Begin at the line containing "Black Smooth Lever Latch Set" in the entries below and end at the line containing "Portable Breast Milk"; transcribe that range exactly and nothing outside it.
*** Opening of Records shown ***
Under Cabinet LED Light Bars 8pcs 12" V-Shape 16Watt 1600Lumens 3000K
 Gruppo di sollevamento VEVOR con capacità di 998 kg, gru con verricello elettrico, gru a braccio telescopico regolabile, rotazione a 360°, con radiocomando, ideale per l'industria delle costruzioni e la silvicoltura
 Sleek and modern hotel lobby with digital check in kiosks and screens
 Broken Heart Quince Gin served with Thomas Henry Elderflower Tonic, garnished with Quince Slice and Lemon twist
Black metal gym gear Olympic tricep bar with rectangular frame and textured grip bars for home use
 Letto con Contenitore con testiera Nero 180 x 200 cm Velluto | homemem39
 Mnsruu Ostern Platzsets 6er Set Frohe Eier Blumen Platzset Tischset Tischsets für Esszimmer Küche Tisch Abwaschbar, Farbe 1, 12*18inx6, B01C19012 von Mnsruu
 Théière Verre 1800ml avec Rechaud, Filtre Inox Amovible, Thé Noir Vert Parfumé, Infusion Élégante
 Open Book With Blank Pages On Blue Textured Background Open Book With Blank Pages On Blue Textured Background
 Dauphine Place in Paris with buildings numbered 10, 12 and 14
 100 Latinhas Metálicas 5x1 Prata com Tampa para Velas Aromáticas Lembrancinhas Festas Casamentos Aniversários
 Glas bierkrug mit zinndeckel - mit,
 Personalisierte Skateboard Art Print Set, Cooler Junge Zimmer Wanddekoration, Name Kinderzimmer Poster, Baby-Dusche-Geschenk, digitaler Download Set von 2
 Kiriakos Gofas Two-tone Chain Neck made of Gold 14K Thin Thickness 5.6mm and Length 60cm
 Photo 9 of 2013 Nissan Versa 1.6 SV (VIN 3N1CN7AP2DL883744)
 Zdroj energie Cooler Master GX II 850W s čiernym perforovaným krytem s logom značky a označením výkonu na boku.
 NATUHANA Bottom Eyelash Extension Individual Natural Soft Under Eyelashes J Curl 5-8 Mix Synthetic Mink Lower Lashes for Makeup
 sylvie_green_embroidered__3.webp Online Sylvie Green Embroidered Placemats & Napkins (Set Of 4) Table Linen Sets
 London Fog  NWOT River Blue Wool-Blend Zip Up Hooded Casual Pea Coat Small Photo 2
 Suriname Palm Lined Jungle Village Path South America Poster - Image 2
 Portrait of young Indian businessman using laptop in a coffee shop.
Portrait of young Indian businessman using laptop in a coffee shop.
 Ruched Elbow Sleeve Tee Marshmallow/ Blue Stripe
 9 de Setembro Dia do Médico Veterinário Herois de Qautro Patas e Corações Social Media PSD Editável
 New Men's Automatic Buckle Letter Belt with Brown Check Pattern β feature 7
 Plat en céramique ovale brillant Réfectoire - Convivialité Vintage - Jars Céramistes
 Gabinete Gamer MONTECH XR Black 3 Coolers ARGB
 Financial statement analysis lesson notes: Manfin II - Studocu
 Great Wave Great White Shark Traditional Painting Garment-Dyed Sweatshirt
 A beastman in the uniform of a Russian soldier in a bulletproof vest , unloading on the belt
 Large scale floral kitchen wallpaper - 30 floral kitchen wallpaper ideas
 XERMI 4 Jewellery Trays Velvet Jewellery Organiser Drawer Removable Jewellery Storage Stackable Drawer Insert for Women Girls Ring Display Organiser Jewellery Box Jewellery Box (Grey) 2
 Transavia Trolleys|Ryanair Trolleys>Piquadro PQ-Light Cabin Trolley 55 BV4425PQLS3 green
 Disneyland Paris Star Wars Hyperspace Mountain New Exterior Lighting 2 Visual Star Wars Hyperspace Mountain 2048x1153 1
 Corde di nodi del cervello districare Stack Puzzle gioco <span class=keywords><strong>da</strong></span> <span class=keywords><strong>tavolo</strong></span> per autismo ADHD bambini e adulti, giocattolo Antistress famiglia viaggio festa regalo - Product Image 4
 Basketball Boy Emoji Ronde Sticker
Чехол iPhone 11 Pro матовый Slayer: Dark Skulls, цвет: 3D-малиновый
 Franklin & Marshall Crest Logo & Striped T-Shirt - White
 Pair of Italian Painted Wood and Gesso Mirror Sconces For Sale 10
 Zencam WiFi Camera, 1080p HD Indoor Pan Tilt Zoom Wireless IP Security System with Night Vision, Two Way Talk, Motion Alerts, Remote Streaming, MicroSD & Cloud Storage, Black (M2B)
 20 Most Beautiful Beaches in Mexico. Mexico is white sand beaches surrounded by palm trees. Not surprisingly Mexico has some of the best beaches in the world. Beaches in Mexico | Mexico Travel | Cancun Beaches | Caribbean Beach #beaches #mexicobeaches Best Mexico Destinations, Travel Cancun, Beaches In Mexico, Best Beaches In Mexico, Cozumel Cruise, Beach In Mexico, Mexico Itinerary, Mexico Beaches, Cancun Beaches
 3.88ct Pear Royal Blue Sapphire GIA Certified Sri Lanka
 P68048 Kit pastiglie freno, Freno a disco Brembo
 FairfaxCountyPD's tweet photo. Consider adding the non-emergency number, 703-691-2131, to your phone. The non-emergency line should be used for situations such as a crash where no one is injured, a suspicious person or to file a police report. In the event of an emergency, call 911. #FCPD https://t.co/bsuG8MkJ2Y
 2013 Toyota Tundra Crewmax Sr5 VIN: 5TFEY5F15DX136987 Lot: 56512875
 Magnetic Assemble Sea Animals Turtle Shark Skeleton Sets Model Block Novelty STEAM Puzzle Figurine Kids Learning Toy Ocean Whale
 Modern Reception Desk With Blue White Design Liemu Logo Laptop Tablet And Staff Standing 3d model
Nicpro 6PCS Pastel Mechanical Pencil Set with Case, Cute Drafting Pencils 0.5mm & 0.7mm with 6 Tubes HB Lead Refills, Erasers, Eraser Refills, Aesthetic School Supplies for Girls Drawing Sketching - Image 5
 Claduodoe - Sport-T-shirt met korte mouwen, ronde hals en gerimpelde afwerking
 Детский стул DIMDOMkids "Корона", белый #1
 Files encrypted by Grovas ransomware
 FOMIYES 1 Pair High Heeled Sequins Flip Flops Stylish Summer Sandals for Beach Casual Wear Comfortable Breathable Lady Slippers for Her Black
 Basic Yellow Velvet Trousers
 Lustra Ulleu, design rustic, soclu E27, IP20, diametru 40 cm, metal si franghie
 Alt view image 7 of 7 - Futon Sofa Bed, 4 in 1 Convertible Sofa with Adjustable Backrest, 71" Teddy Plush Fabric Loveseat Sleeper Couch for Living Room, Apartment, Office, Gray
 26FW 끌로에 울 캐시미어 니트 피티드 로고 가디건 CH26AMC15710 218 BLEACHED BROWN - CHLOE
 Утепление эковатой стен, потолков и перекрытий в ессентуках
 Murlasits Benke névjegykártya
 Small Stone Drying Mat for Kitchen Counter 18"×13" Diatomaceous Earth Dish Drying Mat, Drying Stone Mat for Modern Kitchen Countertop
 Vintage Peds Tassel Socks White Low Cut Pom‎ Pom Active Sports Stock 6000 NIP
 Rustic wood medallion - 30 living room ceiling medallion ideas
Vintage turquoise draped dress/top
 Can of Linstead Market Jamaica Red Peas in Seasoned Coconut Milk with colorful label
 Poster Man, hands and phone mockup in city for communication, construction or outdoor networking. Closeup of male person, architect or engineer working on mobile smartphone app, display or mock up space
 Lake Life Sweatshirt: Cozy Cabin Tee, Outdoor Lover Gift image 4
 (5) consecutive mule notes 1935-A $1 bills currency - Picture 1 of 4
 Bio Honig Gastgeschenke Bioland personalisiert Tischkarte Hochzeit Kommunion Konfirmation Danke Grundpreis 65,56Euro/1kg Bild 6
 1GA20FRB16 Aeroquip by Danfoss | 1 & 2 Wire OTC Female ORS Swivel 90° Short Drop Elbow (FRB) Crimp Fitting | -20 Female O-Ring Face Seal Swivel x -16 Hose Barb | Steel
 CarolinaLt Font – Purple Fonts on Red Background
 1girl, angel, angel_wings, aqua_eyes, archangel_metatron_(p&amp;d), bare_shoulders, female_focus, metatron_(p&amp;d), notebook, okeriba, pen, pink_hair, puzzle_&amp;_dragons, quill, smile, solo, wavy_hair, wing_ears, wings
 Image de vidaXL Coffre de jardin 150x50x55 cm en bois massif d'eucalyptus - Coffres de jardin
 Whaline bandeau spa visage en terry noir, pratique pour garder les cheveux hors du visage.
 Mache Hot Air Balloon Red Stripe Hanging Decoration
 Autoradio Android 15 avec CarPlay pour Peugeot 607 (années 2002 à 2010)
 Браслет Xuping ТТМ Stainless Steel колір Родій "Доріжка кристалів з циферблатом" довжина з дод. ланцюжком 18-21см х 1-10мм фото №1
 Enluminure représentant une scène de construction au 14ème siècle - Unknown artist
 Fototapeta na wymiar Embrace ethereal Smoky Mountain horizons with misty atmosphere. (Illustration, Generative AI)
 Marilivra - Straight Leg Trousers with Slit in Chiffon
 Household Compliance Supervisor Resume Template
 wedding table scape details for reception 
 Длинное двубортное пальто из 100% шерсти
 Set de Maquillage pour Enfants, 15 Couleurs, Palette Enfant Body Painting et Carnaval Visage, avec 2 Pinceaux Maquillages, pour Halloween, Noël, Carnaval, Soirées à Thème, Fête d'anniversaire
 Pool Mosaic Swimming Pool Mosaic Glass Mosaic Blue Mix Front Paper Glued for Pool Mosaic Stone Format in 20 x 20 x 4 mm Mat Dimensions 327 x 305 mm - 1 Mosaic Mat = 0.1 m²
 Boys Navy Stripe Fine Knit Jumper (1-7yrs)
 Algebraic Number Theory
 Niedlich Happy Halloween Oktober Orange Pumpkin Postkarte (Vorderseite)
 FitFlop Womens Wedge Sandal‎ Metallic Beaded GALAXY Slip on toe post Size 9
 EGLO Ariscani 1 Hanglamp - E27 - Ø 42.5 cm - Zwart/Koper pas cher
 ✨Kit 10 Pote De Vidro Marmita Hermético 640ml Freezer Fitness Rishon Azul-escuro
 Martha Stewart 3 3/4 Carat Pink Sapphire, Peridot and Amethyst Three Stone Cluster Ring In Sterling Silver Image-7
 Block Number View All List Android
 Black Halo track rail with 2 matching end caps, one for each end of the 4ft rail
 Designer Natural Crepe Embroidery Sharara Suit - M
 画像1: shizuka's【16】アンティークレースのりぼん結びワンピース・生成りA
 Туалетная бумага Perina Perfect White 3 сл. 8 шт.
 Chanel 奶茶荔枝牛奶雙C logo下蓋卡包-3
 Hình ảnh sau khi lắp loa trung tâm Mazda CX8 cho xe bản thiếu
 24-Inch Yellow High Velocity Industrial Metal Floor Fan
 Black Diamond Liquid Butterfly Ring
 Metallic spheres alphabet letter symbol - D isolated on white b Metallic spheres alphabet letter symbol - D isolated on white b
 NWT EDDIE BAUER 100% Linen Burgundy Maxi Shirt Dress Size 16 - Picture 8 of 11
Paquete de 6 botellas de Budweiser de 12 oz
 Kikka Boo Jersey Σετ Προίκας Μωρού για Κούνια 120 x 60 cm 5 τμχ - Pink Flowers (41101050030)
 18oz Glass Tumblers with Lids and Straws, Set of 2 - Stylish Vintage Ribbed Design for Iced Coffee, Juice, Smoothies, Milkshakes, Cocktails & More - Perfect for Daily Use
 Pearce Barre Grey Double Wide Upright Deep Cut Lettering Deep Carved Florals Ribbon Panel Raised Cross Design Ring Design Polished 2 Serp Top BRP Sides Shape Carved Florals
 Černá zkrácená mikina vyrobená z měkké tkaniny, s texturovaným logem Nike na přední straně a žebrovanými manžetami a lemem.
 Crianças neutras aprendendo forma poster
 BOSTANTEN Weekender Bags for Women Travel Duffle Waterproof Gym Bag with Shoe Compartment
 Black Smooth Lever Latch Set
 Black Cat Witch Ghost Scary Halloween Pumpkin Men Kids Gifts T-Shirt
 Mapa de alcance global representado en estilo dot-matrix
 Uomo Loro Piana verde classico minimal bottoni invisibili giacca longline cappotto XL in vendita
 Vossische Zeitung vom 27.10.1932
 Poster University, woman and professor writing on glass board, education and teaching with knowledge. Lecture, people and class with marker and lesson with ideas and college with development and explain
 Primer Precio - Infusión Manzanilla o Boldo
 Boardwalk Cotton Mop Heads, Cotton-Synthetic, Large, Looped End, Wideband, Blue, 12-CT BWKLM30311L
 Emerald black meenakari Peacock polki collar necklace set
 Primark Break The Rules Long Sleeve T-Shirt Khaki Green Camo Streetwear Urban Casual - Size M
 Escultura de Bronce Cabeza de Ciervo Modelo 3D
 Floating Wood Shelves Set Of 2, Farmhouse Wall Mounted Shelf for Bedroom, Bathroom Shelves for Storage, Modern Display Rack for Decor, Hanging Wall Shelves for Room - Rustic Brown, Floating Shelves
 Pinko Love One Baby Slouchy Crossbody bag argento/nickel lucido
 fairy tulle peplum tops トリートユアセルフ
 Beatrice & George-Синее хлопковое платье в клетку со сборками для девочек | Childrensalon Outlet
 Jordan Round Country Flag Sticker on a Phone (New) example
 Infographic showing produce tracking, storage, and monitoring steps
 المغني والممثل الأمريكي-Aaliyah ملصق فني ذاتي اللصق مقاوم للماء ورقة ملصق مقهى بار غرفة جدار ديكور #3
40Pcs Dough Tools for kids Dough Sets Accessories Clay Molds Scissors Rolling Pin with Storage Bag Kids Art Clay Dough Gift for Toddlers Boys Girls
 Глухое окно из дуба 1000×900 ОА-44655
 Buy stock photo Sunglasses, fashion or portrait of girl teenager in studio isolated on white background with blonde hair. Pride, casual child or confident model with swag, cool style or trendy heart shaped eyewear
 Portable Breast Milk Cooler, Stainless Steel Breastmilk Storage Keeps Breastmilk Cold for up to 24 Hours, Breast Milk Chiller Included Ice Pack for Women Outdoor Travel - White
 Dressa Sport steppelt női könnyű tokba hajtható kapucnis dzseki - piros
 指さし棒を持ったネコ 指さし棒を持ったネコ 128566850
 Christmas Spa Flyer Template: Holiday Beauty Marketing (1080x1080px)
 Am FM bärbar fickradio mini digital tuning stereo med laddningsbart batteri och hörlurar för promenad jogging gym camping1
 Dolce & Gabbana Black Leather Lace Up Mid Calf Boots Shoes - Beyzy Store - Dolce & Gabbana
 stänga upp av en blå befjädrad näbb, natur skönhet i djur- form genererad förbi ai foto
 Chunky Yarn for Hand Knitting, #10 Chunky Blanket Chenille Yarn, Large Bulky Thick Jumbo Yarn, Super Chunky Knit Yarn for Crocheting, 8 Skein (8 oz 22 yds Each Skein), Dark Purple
*** Close of Records shown ***
Reply ->
 Black Smooth Lever Latch Set
 Black Cat Witch Ghost Scary Halloween Pumpkin Men Kids Gifts T-Shirt
 Mapa de alcance global representado en estilo dot-matrix
 Uomo Loro Piana verde classico minimal bottoni invisibili giacca longline cappotto XL in vendita
 Vossische Zeitung vom 27.10.1932
 Poster University, woman and professor writing on glass board, education and teaching with knowledge. Lecture, people and class with marker and lesson with ideas and college with development and explain
 Primer Precio - Infusión Manzanilla o Boldo
 Boardwalk Cotton Mop Heads, Cotton-Synthetic, Large, Looped End, Wideband, Blue, 12-CT BWKLM30311L
 Emerald black meenakari Peacock polki collar necklace set
 Primark Break The Rules Long Sleeve T-Shirt Khaki Green Camo Streetwear Urban Casual - Size M
 Escultura de Bronce Cabeza de Ciervo Modelo 3D
 Floating Wood Shelves Set Of 2, Farmhouse Wall Mounted Shelf for Bedroom, Bathroom Shelves for Storage, Modern Display Rack for Decor, Hanging Wall Shelves for Room - Rustic Brown, Floating Shelves
 Pinko Love One Baby Slouchy Crossbody bag argento/nickel lucido
 fairy tulle peplum tops トリートユアセルフ
 Beatrice & George-Синее хлопковое платье в клетку со сборками для девочек | Childrensalon Outlet
 Jordan Round Country Flag Sticker on a Phone (New) example
 Infographic showing produce tracking, storage, and monitoring steps
 المغني والممثل الأمريكي-Aaliyah ملصق فني ذاتي اللصق مقاوم للماء ورقة ملصق مقهى بار غرفة جدار ديكور #3
40Pcs Dough Tools for kids Dough Sets Accessories Clay Molds Scissors Rolling Pin with Storage Bag Kids Art Clay Dough Gift for Toddlers Boys Girls
 Глухое окно из дуба 1000×900 ОА-44655
 Buy stock photo Sunglasses, fashion or portrait of girl teenager in studio isolated on white background with blonde hair. Pride, casual child or confident model with swag, cool style or trendy heart shaped eyewear
 Portable Breast Milk Cooler, Stainless Steel Breastmilk Storage Keeps Breastmilk Cold for up to 24 Hours, Breast Milk Chiller Included Ice Pack for Women Outdoor Travel - White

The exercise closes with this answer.